**AVAILABLE DATA**:
______
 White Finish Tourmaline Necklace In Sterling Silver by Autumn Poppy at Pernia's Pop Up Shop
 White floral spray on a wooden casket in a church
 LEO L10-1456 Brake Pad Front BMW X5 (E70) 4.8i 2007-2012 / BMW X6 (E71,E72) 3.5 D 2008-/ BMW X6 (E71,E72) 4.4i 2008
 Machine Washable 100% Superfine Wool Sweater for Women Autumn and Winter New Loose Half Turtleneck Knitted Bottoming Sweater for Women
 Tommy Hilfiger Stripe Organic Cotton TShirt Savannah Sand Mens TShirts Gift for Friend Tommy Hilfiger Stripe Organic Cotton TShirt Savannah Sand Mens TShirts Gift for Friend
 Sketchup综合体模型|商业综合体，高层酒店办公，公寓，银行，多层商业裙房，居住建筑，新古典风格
______
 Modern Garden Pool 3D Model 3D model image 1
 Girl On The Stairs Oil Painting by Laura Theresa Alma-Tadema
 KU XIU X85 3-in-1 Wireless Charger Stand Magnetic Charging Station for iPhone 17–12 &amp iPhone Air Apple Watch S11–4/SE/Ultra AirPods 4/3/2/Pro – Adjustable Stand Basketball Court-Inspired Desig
______
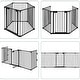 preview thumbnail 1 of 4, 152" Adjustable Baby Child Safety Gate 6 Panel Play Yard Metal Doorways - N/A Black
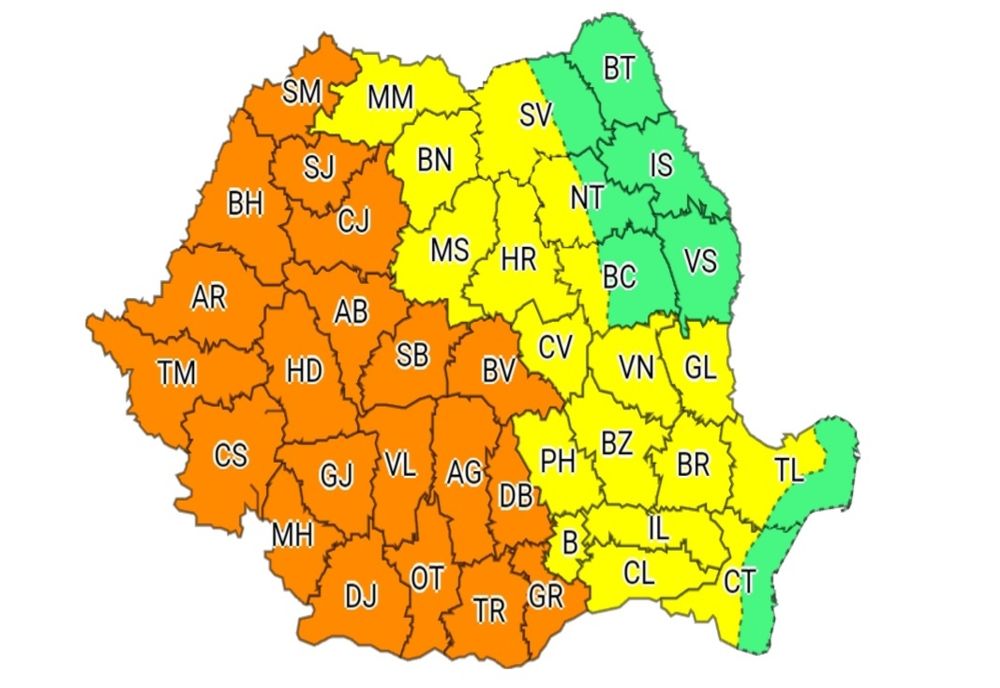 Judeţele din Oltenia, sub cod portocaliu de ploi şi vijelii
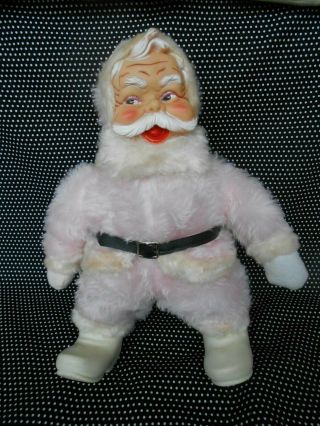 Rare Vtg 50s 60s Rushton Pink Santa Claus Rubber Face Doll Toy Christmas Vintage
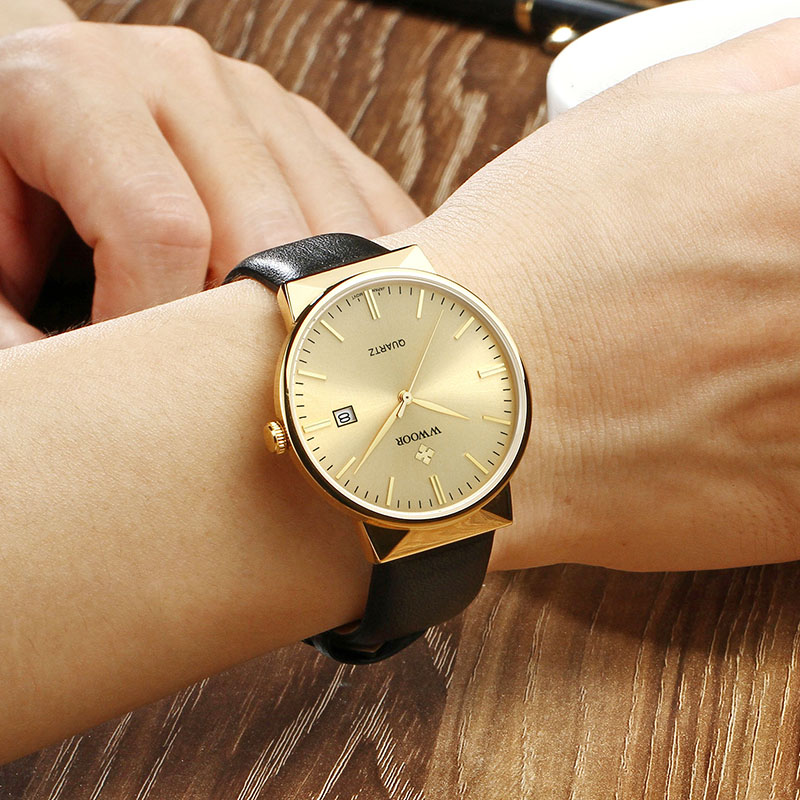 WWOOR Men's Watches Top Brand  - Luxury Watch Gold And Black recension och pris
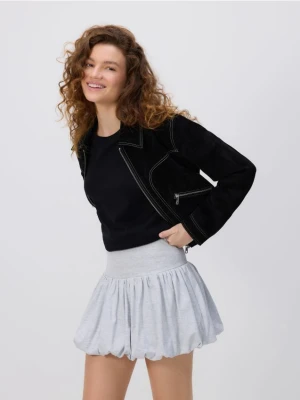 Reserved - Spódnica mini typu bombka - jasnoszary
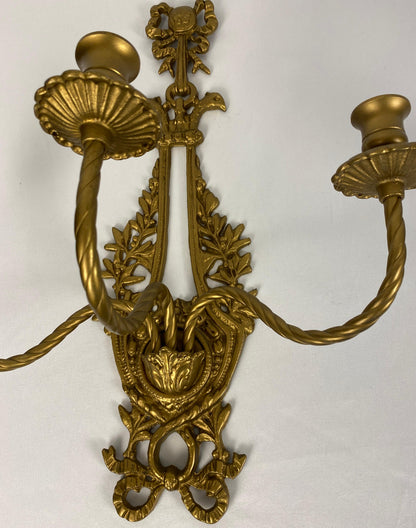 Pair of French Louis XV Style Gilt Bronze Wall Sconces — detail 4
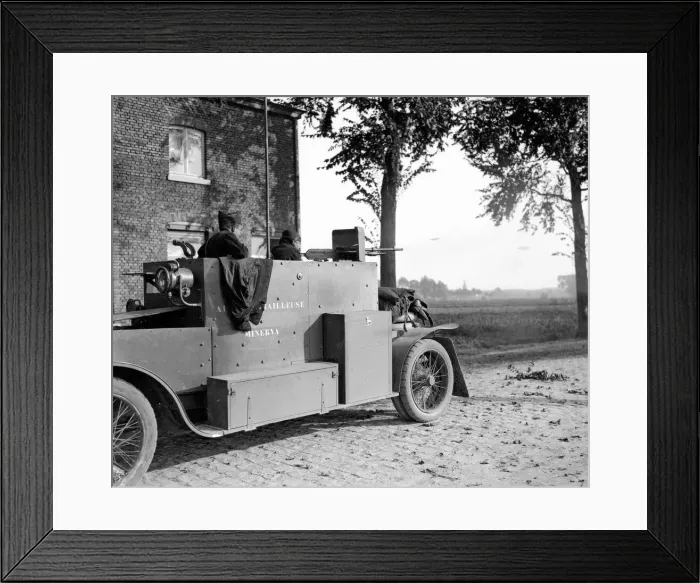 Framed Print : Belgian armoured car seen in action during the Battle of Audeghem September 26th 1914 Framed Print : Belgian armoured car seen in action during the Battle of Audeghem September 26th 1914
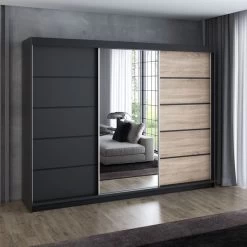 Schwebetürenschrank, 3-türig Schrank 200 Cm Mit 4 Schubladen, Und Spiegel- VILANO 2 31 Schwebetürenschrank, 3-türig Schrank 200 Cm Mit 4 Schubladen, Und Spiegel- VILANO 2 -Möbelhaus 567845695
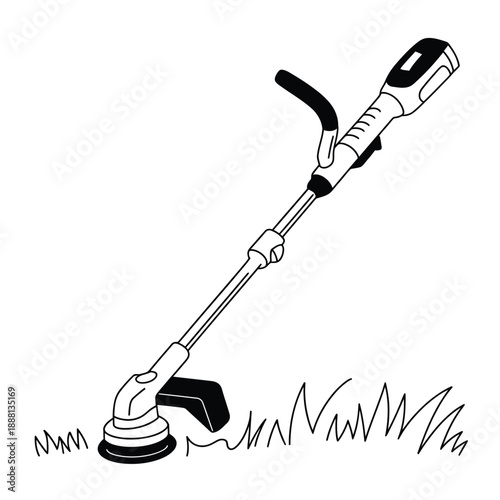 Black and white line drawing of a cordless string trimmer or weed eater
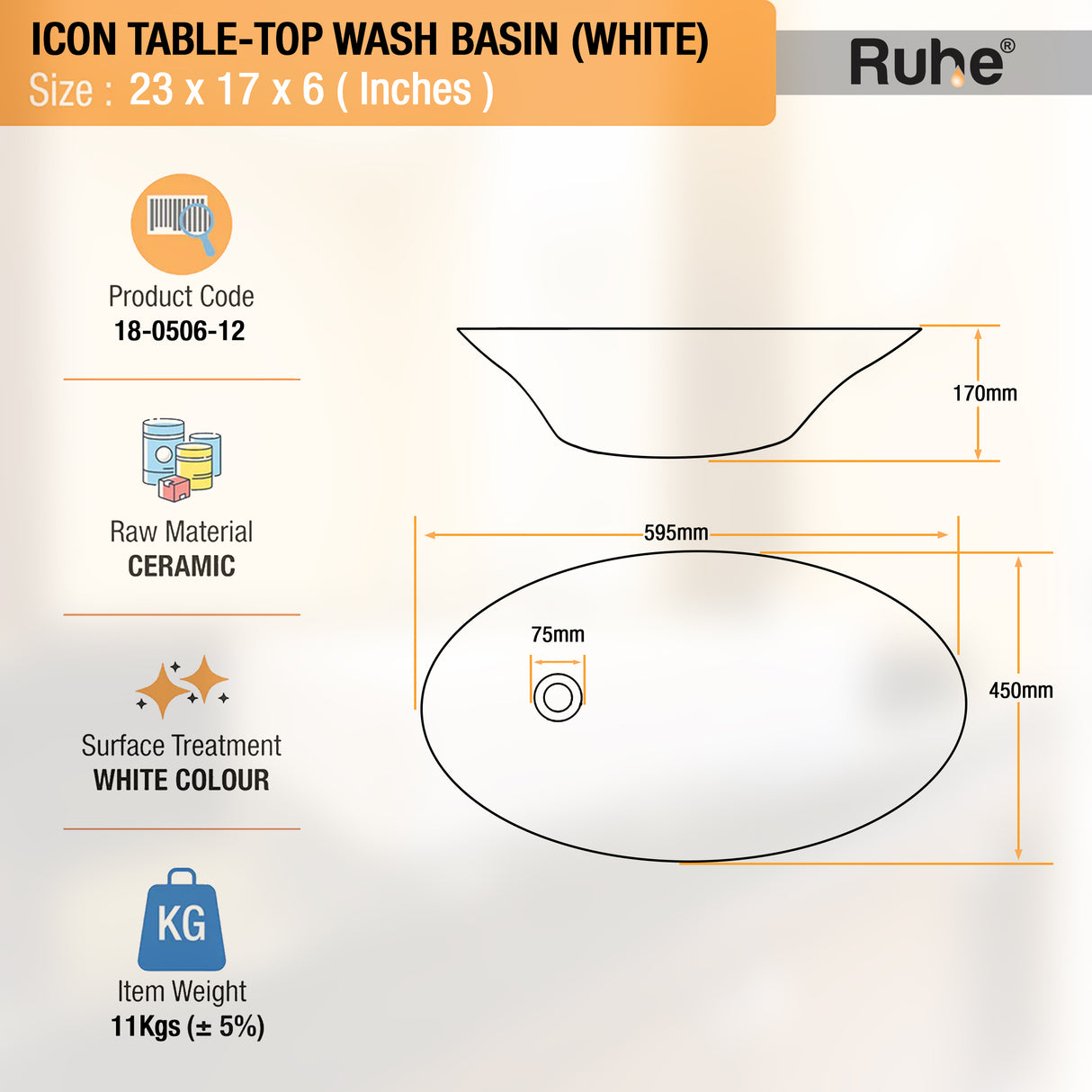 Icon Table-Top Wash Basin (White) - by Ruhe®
______
**TASK TO COMPLETE**:
Could you write out, exactly as they stand, only the lines above that begin at the line with "White Finish Tourmaline" and stop after the line with "Sketchup综合体模型|"?

**RESULT FOR THIS TASK**:
 White Finish Tourmaline Necklace In Sterling Silver by Autumn Poppy at Pernia's Pop Up Shop
 White floral spray on a wooden casket in a church
 LEO L10-1456 Brake Pad Front BMW X5 (E70) 4.8i 2007-2012 / BMW X6 (E71,E72) 3.5 D 2008-/ BMW X6 (E71,E72) 4.4i 2008
 Machine Washable 100% Superfine Wool Sweater for Women Autumn and Winter New Loose Half Turtleneck Knitted Bottoming Sweater for Women
 Tommy Hilfiger Stripe Organic Cotton TShirt Savannah Sand Mens TShirts Gift for Friend Tommy Hilfiger Stripe Organic Cotton TShirt Savannah Sand Mens TShirts Gift for Friend
 Sketchup综合体模型|商业综合体，高层酒店办公，公寓，银行，多层商业裙房，居住建筑，新古典风格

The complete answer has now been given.